• [Work task]: From the line with "Zenesku Kelime Öğren" to the final line of the data below, please write out every line exactly, with no pictures.

BEGIN Available data

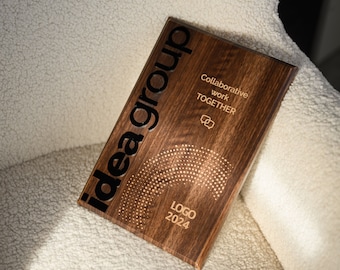 Personalized Wooden Award Plaque: Engraved Acrylic Corporate Gift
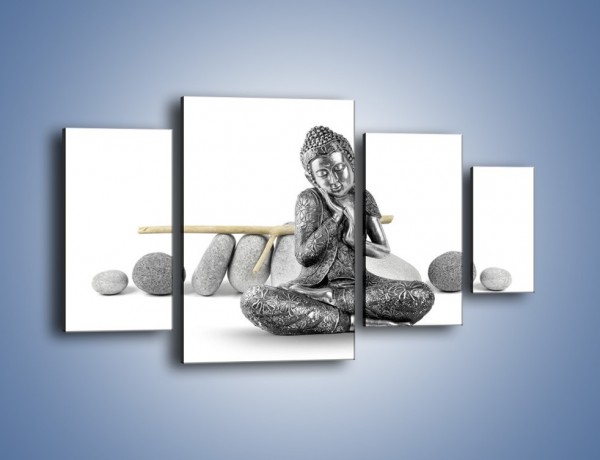 Obraz na płótnie – Budda wśród szarości – czteroczęściowy O220W4
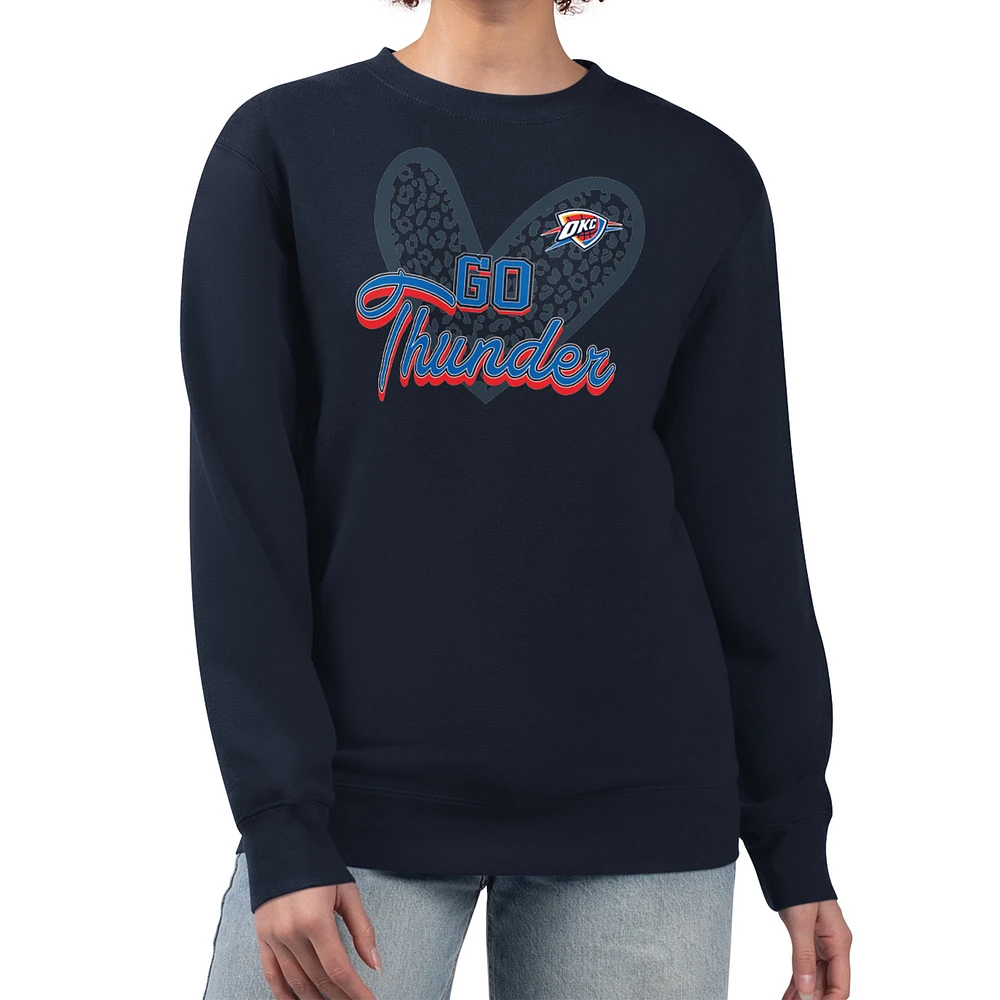 Women's G-III 4Her by Carl Banks Navy Oklahoma City Thunder Leopard Heart Fleece Pullover Sweatshirt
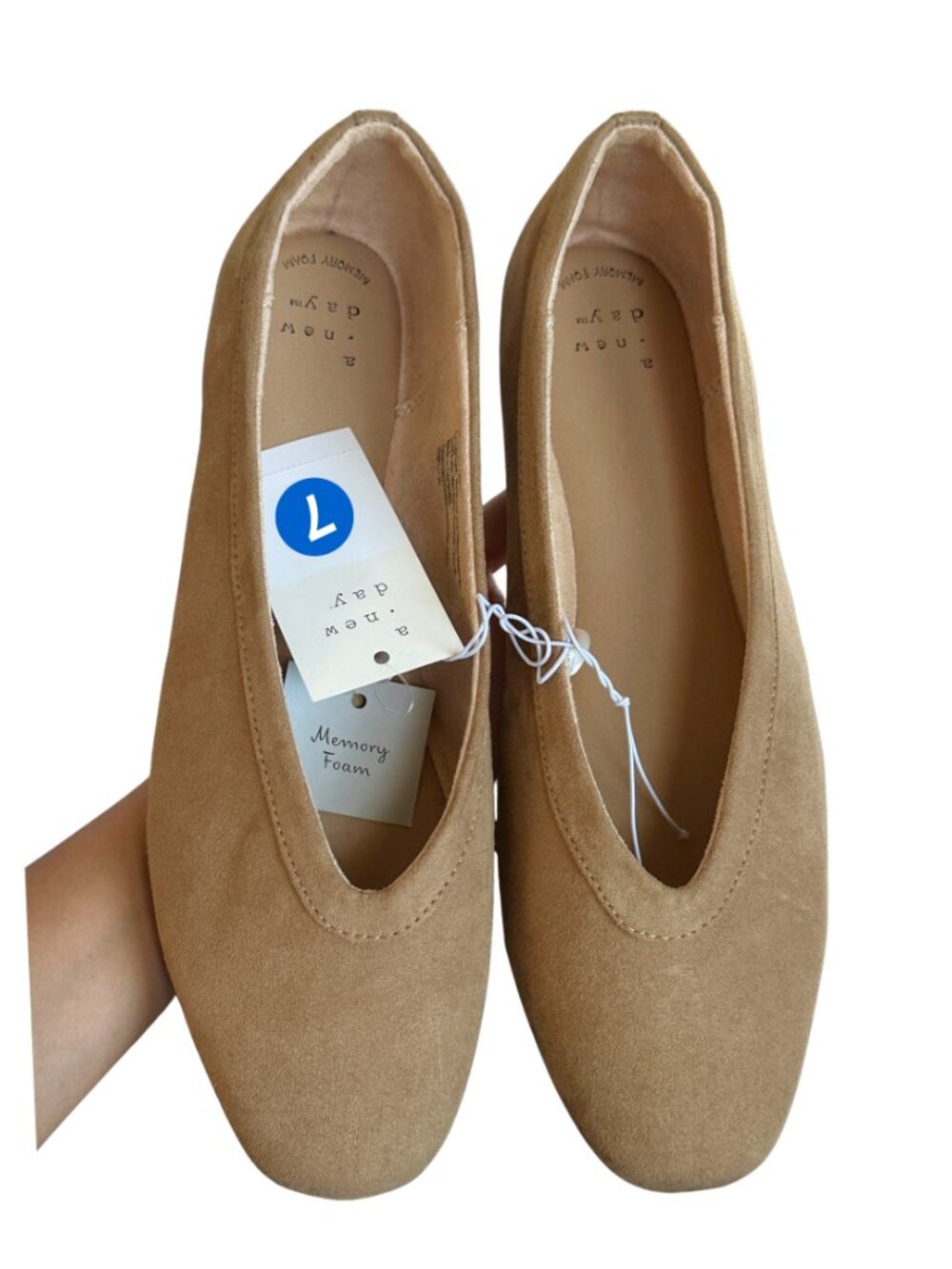 A New Day Women Tan Suede Memory Foam Ballet Flats Shoes Size 7 NWT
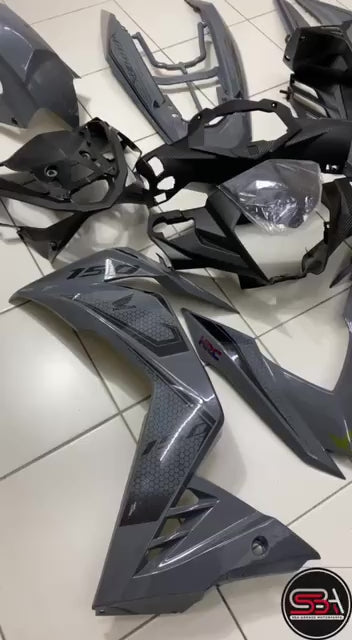 COVERSET BODYSET HONDA RS150 V2 WINNER NARDO NANO GREY 2023 ORIGINAL EQUIPMENT MANUFACTURER OEM STICKER TANAM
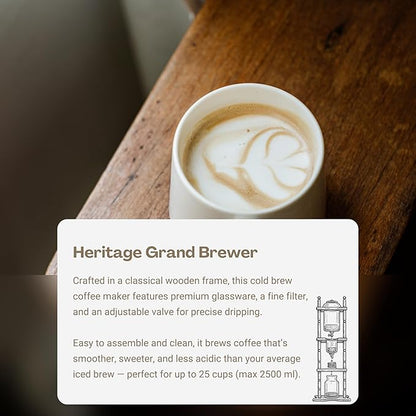 Nispira Cold Brew Drip Tower Iced Coffee Maker Glass Wooden Stand 25 Cups white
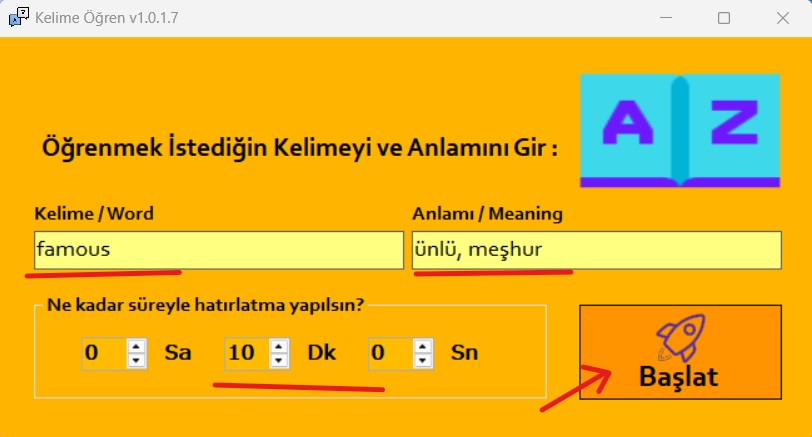 Zenesku Kelime Öğren Uygulaması Çalışma Ayarlama Görseli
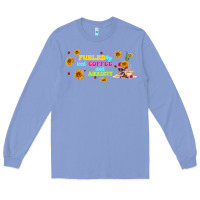 Colony Blue fueled by ıced coffee and anxiety Long Sleeve Tee - TumblerDesignByShophia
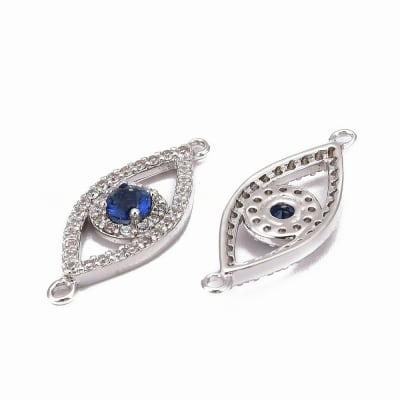 CONECTOR BAÑO DE PLATINO OJO AZUL CON ZIRCONES 10X24MM1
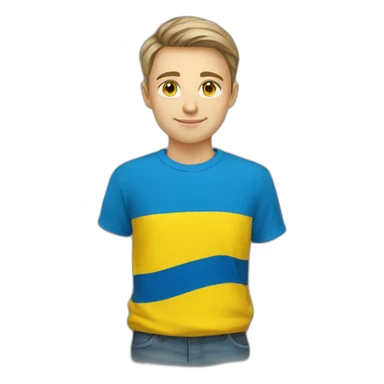 A Ukrainian student wearing the color of the Ukrainian flag sticker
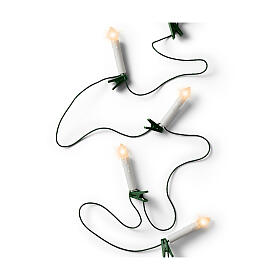 Lighting chain of 16 white warm LED candles with clips, 6 m, indoor/outdoor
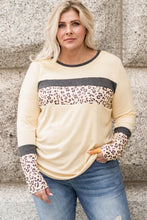Load image into Gallery viewer, Plus Size Leopard Contrast Long Sleeve Top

END Available data

• [Result of this exercise]:
 Zenesku Kelime Öğren Uygulaması Çalışma Ayarlama Görseli
 Colony Blue fueled by ıced coffee and anxiety Long Sleeve Tee - TumblerDesignByShophia
 CONECTOR BAÑO DE PLATINO OJO AZUL CON ZIRCONES 10X24MM1
 A Ukrainian student wearing the color of the Ukrainian flag sticker
 Lighting chain of 16 white warm LED candles with clips, 6 m, indoor/outdoor
Load image into Gallery viewer, Plus Size Leopard Contrast Long Sleeve Top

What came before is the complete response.